The Valentine House by Emma Henderson
|The Valentine House by Emma Henderson|
|Category: Literary Fiction|
|Reviewer: Luke Marlowe|
|Summary: A tale that transports the readers to the beautiful French Alps, and in time back to both 1914 and mid 1970s, The Valentine House is a read full of intriguing mysteries and interesting characters.|
|Buy? Yes||Borrow? Yes|
|Pages: 352||Date: April 2017|
|External links: Author's website|
In June 1914, Sir Anthony Valentine, a keen mountaineer, arrives with his family to spend the summer in their chalet, high in the French Alps. There, for the first time, fourteen-year-old foundling Mathilde starts work as one of the 'uglies' - village girls employed as servants and picked, it is believed, to ensure they don't catch Sir Anthony's roving eye. For Mathilde it is the start of a life-long entanglement with les anglais - strange, exciting people, far removed from the hard grind of farming. Except she soon finds the Valentines are less carefree than they appear, with a curiously absent daughter no one talks about. It will be decades - disrupted by war, accidents and a cruel betrayal - before Mathilde discovers the key to the mystery. And in 1976, the year Sir Anthony's great-great grandson comes to visit, she must decide whether to use it.

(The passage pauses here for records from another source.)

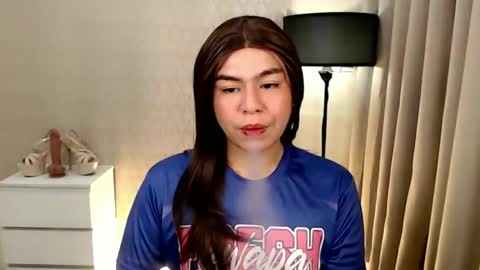 Snapshot of mikha_sensual chatting on February 2025 06:51:01 PM Theresa Luna online show from February 2025 06:51:01 PM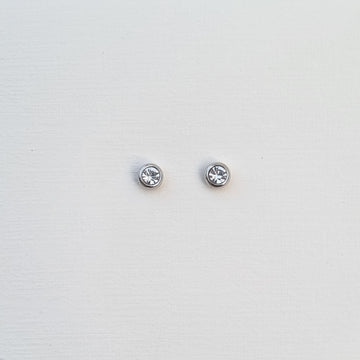 SILVER SPARKLE STUDS E159
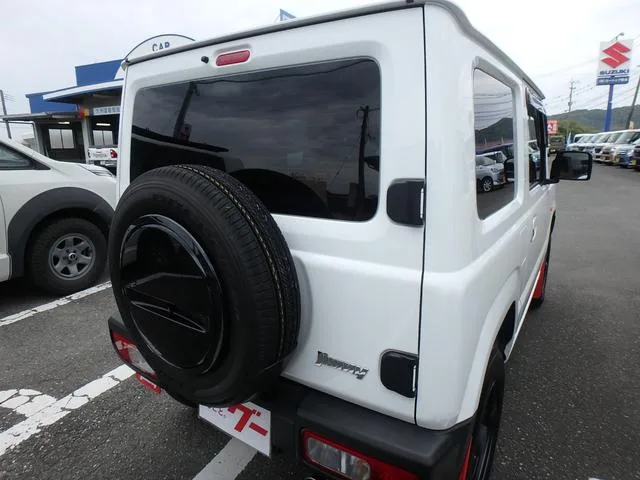 Suzuki Jimny XG 2023 — миниатюра 4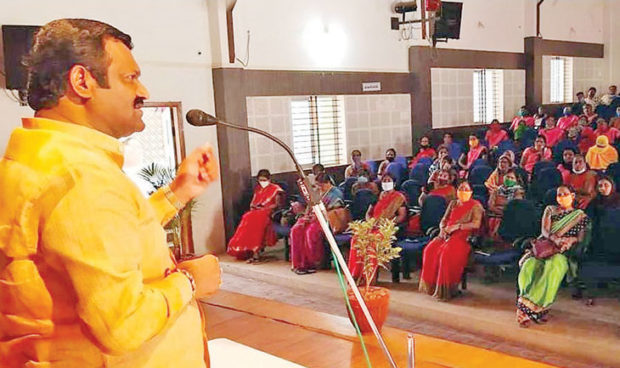 ಕೋವಿಡ್ ಸಂಕಷ್ಟಕ್ಕೆ ಶಾಸಕ ಮುನೇನಕೊಪ್ಪ ಮುತುವರ್ಜಿ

Emma Henderson is an Oxford- and Yale- educated author, who previously published the Orange Prize shortlisted Grace Williams Says It Loud. She previously ran a ski and snowboard lodge in the French Alps - a setting which is at the heart of The Valentine House. I'm not much of a skier - I've been twice, but after seemingly spending a huge amount of money to spend large periods of time stuck on my back in the snow, I quickly became far more interested in the cheese, wine, and stunning scenery. That scenery takes centre stage in The Valentine House, and, once the reader is past the first, breathtaking chapter (breathtaking due to the gasp inducing language used in the first couple of pages!), they are swept into a tale that spans over 50 years, with a sweep full of mysteries, fascinating characters and enjoyable humour.

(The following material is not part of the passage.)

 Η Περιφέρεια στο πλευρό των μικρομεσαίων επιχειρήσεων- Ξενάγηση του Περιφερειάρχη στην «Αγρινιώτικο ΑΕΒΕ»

Mathilde is a young girl who, in 1914, is sent to work at a holiday chalet owned by a wealthy English family. Mathilde is an uglie - a girl unattractive enough that Sir Anthony Valentine will not be tempted by her. Once the reader has, through Mathilde, got to know the people who inhabit that chalet, the story switches to 1976, with a character called George picking up the narrative - having just lost his parents, he begins to uncover the mysteries of the house, with plenty of flipping back and forth between the two narratives. The structure works well, and there are plenty of plot strands that are weaved into an overall compelling narrative, although some do feel a little excessive - there's a lot going on, and the plot occasionally feels a little flabby as a result.
However, this is a strong read, with excellent characters, an intriguing plot, and a stunning setting. If you fancy finding yourself in the fresh, clean air of the alps, full of cheese and wine and wathcing the fascinating goings on in The Valentine House, then you're in for a treat. Many thanks for the publishers for the copy.
For further reading I recommend The Miniaturist by Jessie Burton. A tale set in a vastly different period, it's nevertheless a compelling tale that takes in a fascinating range of characters in the Holland of the late 1600's.